When talking epic movie phone calls there’s no better place to start than 2008’s Taken. Action films often use the phone call device as a way to amp up the adrenaline pumping through any given scene. Taken, however, pushes this device to new levels.
The set-up begins whilst Liam Neeson is on the phone to his daughter but here, the key to the scene is not what happens when she’s subsequently kidnapped, but rather what his character says. When he realises one of the kidnappers has picked up the cell phone, he utters what has now become an immortal piece of movie dialogue. 'I don't know who you are, I don't know what you want. If you're looking for ransom, I can tell you I don't have money, but what I do have are a very particular set of skills. Skills I have acquired over a very long career, skills that make me a nightmare for people like you. If you let my daughter go now, that'll be the end of it. I will not look for you, I will not pursue you. But if you don't, I will look for you, I will find you...and I will kill you.' And we’re off…
a Stranger Calls
Babysitters don't fare so well on the horror front, as evidenced by everyone from Jamie Lee Curtis in Halloween to Carol Kane in this domestic thriller, the 1979 original about a murderer who rings up Cane's caretaker and threatens to kill her and the kids. "Have you checked the children?" the caller famously asks, before it's later revealed that he's calling from inside the house.
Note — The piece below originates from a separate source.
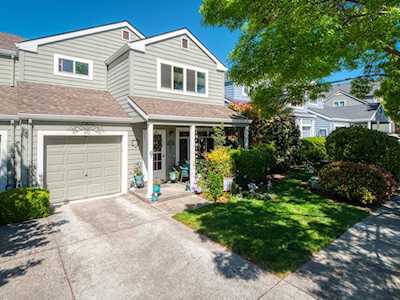 60 Crocker St Ashland, OR 97520
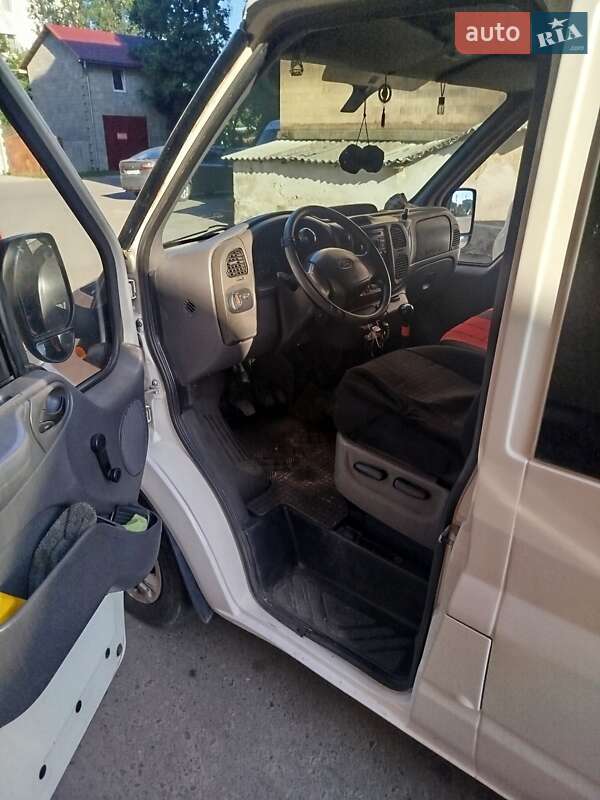 Грузопассажирский фургон Ford Transit 2004 в Дубно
The film later went on to get the remake treatment in 2006.
Colin Farrell's Stu Shephard gets the worst call of his life when he steps into a New York phone booth to contact his mistress, Pam (Katie Holmes). He ends up connecting with Kiefer Sutherland's terrorizing sniper, who wants to teach Stu a lesson for his cocky philandering. Under the direction of hack extraordinaire Joel Schumacher, Phone Booth may seem like an easy film to deride, but it boasts a superb performance from Farrell, and it doubles as a requiem for those titular city fixtures.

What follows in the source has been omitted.